* Problem requirements *
Only the text belongs in the copy: retype each record exactly as it appears.
(Exercise input Opens)
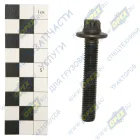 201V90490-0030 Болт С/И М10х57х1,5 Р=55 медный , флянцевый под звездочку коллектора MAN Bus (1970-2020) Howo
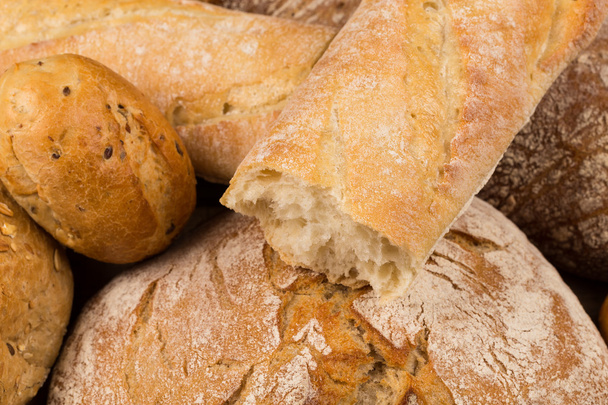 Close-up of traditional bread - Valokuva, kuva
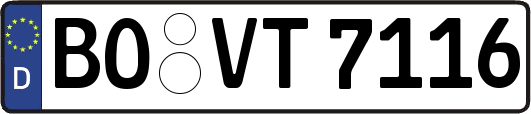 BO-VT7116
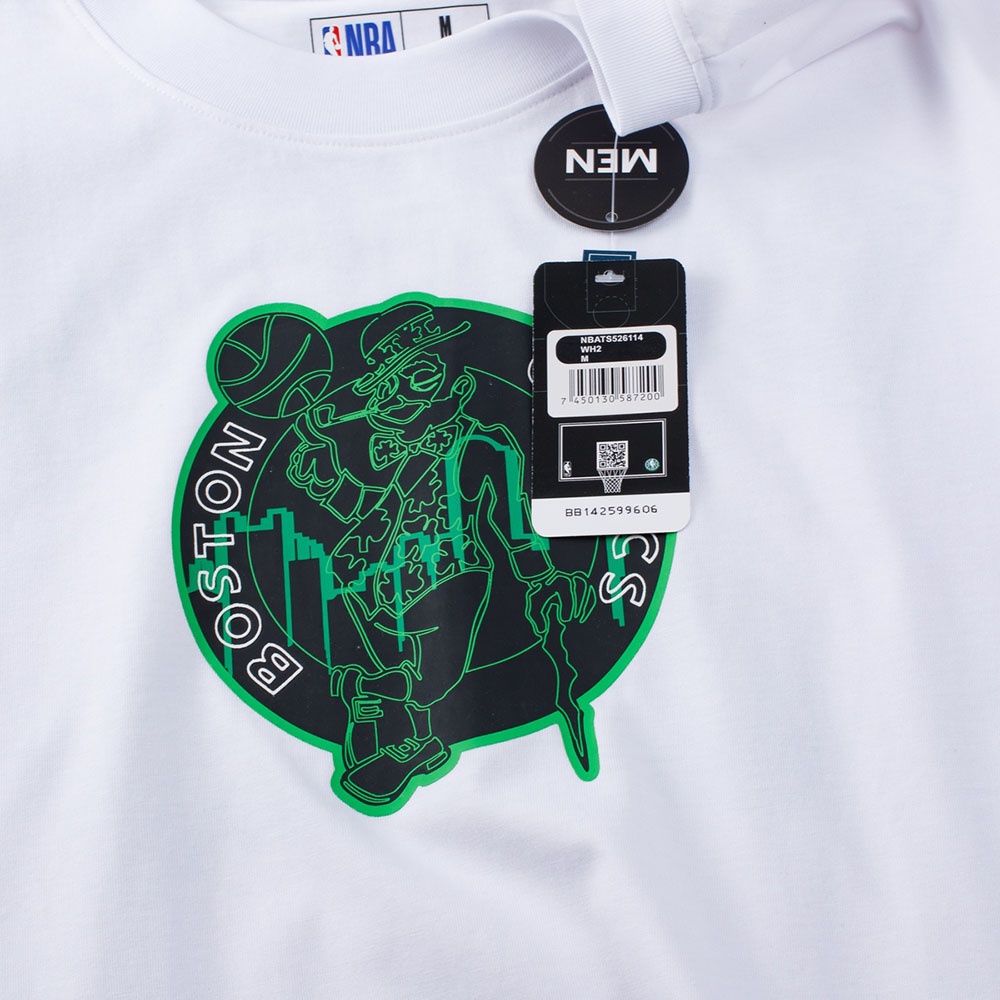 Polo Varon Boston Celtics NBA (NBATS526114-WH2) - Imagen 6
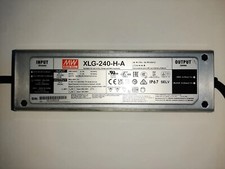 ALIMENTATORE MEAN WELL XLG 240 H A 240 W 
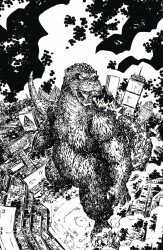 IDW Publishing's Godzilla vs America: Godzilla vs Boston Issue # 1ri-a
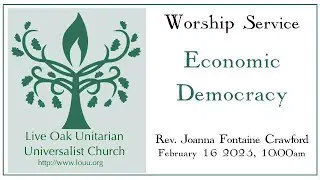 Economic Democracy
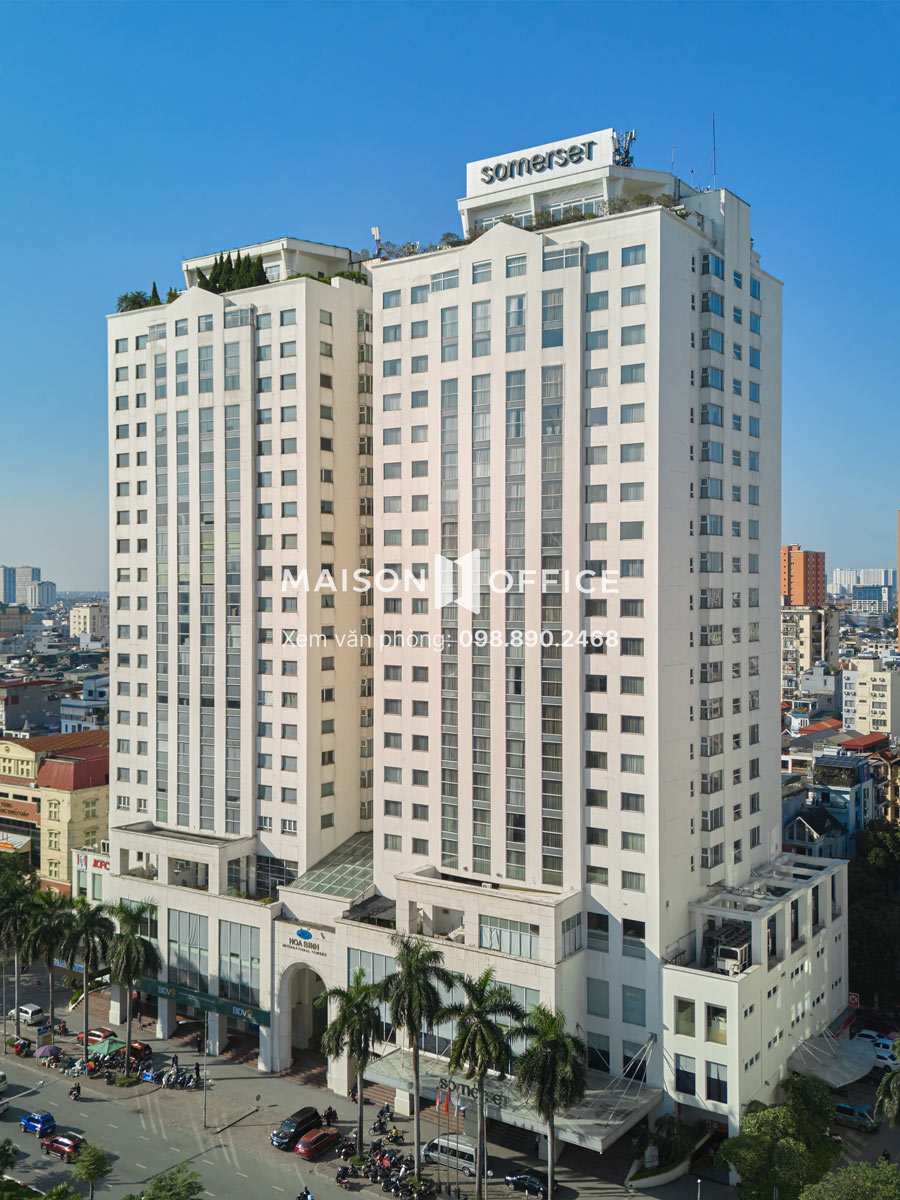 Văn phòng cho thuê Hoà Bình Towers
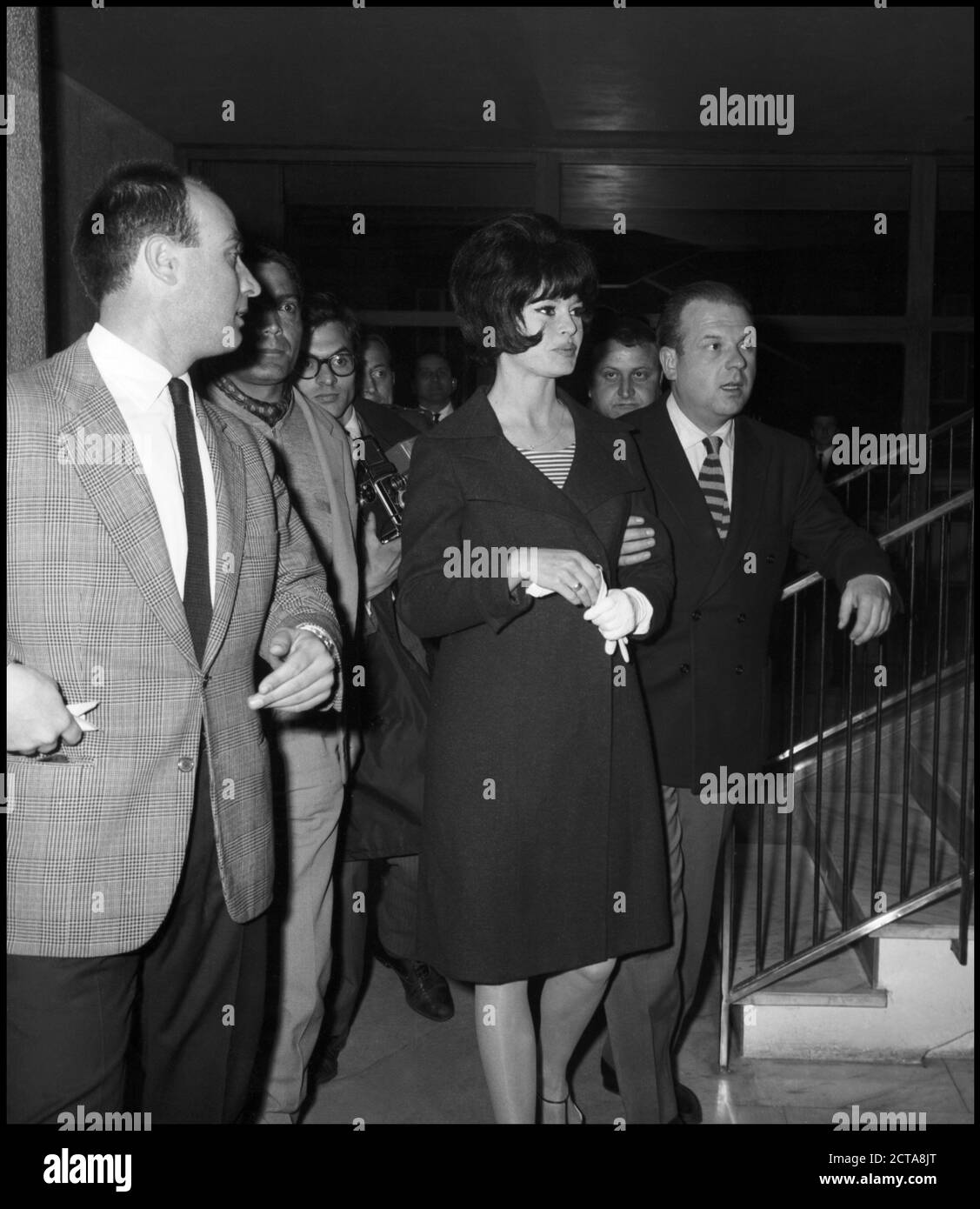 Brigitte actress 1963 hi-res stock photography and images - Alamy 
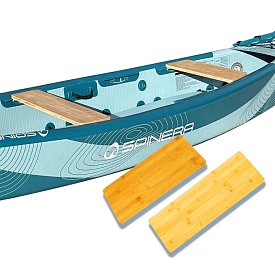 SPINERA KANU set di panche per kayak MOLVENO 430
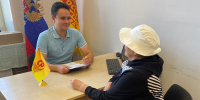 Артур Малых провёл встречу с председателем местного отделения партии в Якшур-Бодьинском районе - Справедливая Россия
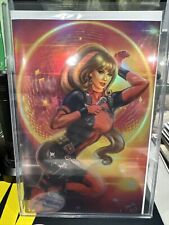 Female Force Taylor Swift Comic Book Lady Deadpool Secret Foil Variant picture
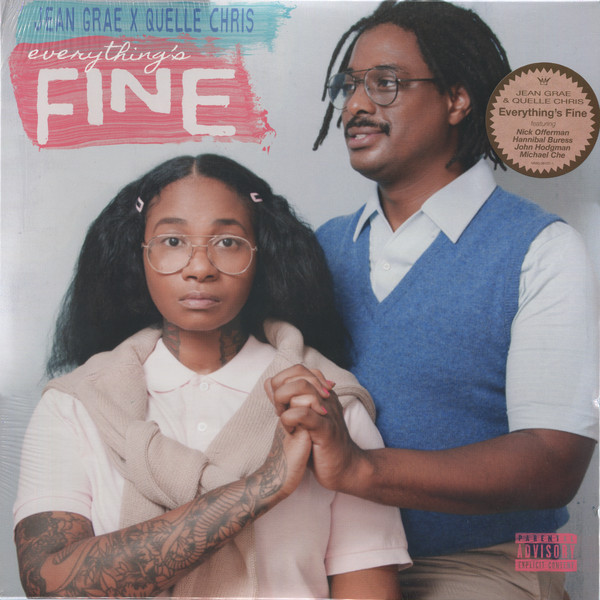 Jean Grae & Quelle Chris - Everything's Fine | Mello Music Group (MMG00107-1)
(Exercise input Closes)
* Result of this task *
 201V90490-0030 Болт С/И М10х57х1,5 Р=55 медный , флянцевый под звездочку коллектора MAN Bus (1970-2020) Howo
 Close-up of traditional bread - Valokuva, kuva
 BO-VT7116
 Polo Varon Boston Celtics NBA (NBATS526114-WH2) - Imagen 6
 ALIMENTATORE MEAN WELL XLG 240 H A 240 W 
 IDW Publishing's Godzilla vs America: Godzilla vs Boston Issue # 1ri-a
 Economic Democracy
 Văn phòng cho thuê Hoà Bình Towers
 Brigitte actress 1963 hi-res stock photography and images - Alamy 
 SPINERA KANU set di panche per kayak MOLVENO 430
 Артур Малых провёл встречу с председателем местного отделения партии в Якшур-Бодьинском районе - Справедливая Россия
 Female Force Taylor Swift Comic Book Lady Deadpool Secret Foil Variant picture
 Jean Grae & Quelle Chris - Everything's Fine | Mello Music Group (MMG00107-1)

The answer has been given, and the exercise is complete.